Вторая картинка первых послевоенных лет - уже расчищенная дорога среди пустырей и развалин сожженного немцами Мурманска, второго Сталинграда, как его иногда называют. Мы с мамой идем по улице Ленина в сторону Росты где-то в районе Пяти углов. Мама несет на руках братишку. С левой стороны дороги - множество торчащих вверх труб деревянных домов, сожженных в ходе фашистских бомбардировок, справа – полуразрушенный Дом культуры. Где-то здесь недалеко до войны был и наш дом, безжалостно уничтоженный «культурными» европейцами. Когда я вспоминаю эту картинку, грудь начинает сдавливать комок ярости. За что? .... То, что это улица Ленина и перекресток Пяти углов, узнал позднее, когда мы переехали в Мурманск. До него мы пожили по местам службы отца на различных участках Сеть-Наволока, в Малой Волоковой, что у основания полуостровов Средний и Рыбачий, в Полярном и даже в Росте, небольшом поселке между Мурманском и Североморском, тогда – Ваенгой. Североморск к этому времени стал главной базой Северного флота, хотя такое предложение рассматривалось еще до войны.

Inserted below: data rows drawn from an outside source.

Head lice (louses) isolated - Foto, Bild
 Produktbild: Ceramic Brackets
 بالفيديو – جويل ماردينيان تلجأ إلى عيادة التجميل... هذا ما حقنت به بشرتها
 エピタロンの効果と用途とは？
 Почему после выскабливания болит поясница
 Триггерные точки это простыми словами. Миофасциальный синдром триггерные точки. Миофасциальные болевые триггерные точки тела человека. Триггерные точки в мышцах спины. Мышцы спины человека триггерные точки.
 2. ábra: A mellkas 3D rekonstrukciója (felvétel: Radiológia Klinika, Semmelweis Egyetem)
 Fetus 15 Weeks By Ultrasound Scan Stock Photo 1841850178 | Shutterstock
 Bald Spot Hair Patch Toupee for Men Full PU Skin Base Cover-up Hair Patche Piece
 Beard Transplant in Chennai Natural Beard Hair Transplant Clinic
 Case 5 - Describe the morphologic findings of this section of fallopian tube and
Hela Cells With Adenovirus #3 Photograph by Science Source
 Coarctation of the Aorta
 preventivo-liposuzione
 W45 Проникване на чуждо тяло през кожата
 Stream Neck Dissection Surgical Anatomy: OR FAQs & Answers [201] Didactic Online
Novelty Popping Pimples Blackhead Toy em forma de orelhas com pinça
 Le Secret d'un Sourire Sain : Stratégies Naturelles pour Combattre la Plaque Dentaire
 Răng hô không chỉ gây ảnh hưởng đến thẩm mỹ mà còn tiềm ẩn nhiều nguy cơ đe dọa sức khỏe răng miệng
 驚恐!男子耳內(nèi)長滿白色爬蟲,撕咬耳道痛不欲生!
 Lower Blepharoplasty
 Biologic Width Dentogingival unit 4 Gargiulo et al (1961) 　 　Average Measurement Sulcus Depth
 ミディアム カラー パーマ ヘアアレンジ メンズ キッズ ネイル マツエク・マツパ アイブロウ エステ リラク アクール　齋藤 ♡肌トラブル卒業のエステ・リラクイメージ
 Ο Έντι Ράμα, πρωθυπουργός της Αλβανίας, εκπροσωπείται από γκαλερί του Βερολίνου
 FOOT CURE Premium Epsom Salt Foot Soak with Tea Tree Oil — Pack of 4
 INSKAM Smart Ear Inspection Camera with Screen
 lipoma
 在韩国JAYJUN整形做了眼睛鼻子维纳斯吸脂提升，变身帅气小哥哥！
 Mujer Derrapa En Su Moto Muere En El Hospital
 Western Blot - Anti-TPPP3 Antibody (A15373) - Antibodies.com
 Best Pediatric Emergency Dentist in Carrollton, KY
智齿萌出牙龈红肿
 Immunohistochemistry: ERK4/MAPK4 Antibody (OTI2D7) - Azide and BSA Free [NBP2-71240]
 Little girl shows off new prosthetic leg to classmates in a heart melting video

Говорят, что мысль материальна. Я так тоже подумал, когда недавно узнал, что в Мурманске в 2017 г. воздвигнут необычный и, наверно, единственный в мире такой мемориальный комплекс, посвящённый мужеству жителей города в годы войны. В центре его установлены три колонны в виде уцелевшей от бомб и пожаров печной трубы. Несколько столбов вокруг символически также напоминают трубы. То, что осталось от города после бомбардировок. Та же картинка из детства, что у меня столько лет хранится в памяти. Перелетела от меня к землякам-скульпторам. Памятник так и называют «Трубы» или «Памятник печной трубе». По числу бомб на квадратный километр Мурманск был вторым после Сталинграда городом в СССР. О его роли для страны и северных конвоев союзников в годы войны говорят следующие цифры: всего в Мурманске было принято 423 судна с военными грузами, доставившими 4148 танков, 2597 самолетов, 1038 бронемашин. С грузами, ковавшими победу.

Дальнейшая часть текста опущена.